Warwick Potter conducts The University of Queensland Symphony Orchestra in a program celebrating American composers. The UQ Chorale will collaborate with invited secondary schools in a performance of Bernstein's Chichester Psalms. Liam Viney is the soloist in Gershwin's ever-popular Rhapsody in Blue. Works by Adams, Barber, and Copland complete this rhythmic tour de force.
A free pre-concert lecture will be given by Vincent Plush at 1:00pm.

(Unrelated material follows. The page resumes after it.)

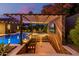 Outdoor entertainment area with a covered bar, outdoor television, and a view of the inviting pool and landscape at 3425 N 50Th Pl, Phoenix, AZ 85018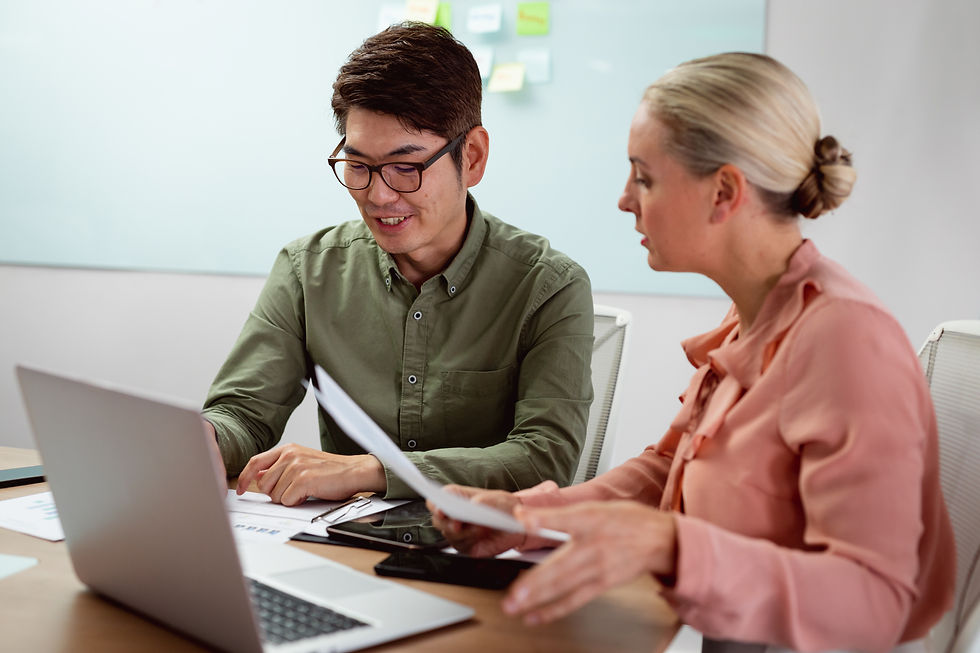 diverse-male-and-female-colleague-sitting-at-table-2025-04-05-05-20-47-utc.jpg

Presented as part of the 4MBS Festival of Classics 2019
FEATURING:
The University of Queensland Symphony Orchestra
The University of Queensland Chorale
Ambrose Treacy College
Canterbury College
Mt St Michael's College
Conductors – Dr Warwick Potter & Shing Him Chan
Piano Soloist – Liam Viney
Soprano Soloist - Miles Le Goullon
I. Buckaroo Holiday
II. Corral Nocturne
III. Saturday Night Waltz
IV. Hoe-Down
The Australian visits this year of two of the contemporary icons of American concert jazz – Wynton Marsalis and the Jazz at Lincoln Center Orchestra, followed by his saxophonist brother Branford, touring this month with the ACO – remind us that jazz is the signature sound and identity of American music. The fusion of symphonic music with ‘syncopated music’ (i.e. jazz) can be recognized in music of the early 20th century, but many historians maintain that American music burst onto the concert stage on 13th February 1924. That afternoon, on Abraham Lincoln’s birthday, the renowned band leader Paul Whiteman presented ‘an educational event’ in the Aeolian Hall entitled “Experiment in Modern Music”. Whiteman wanted to show his standing-room-only audience – among its number were John Philip Sousa, Rachmaninov, Stravinsky, Fritz Kreisler and Leopold Stokowski – that jazz should be regarded as a serious and sophisticated art form. The climax of the program was a new work composed and played by the 34-year-old George Gershwin. The ‘king of Broadway’ had barely five weeks to create his Rhapsody in Blue. The piano part was largely improvised, and the notorious clarinet glissando at the opening was a joke on the part of the clarinettist. The work was a sensation and set Gershwin off as a composer who had successfully married the Broadway stage and the concert hall. In so doing, it opened the door for successive generations of ‘serious’ American composers – from Aaron Copland, to Leonard Bernstein, to John Adams, to the Marsalis clan – to draw on jazz elements in their own works. A century later, we see that George Gershwin’s Rhapsody had given voice to a new music of ‘the American century’.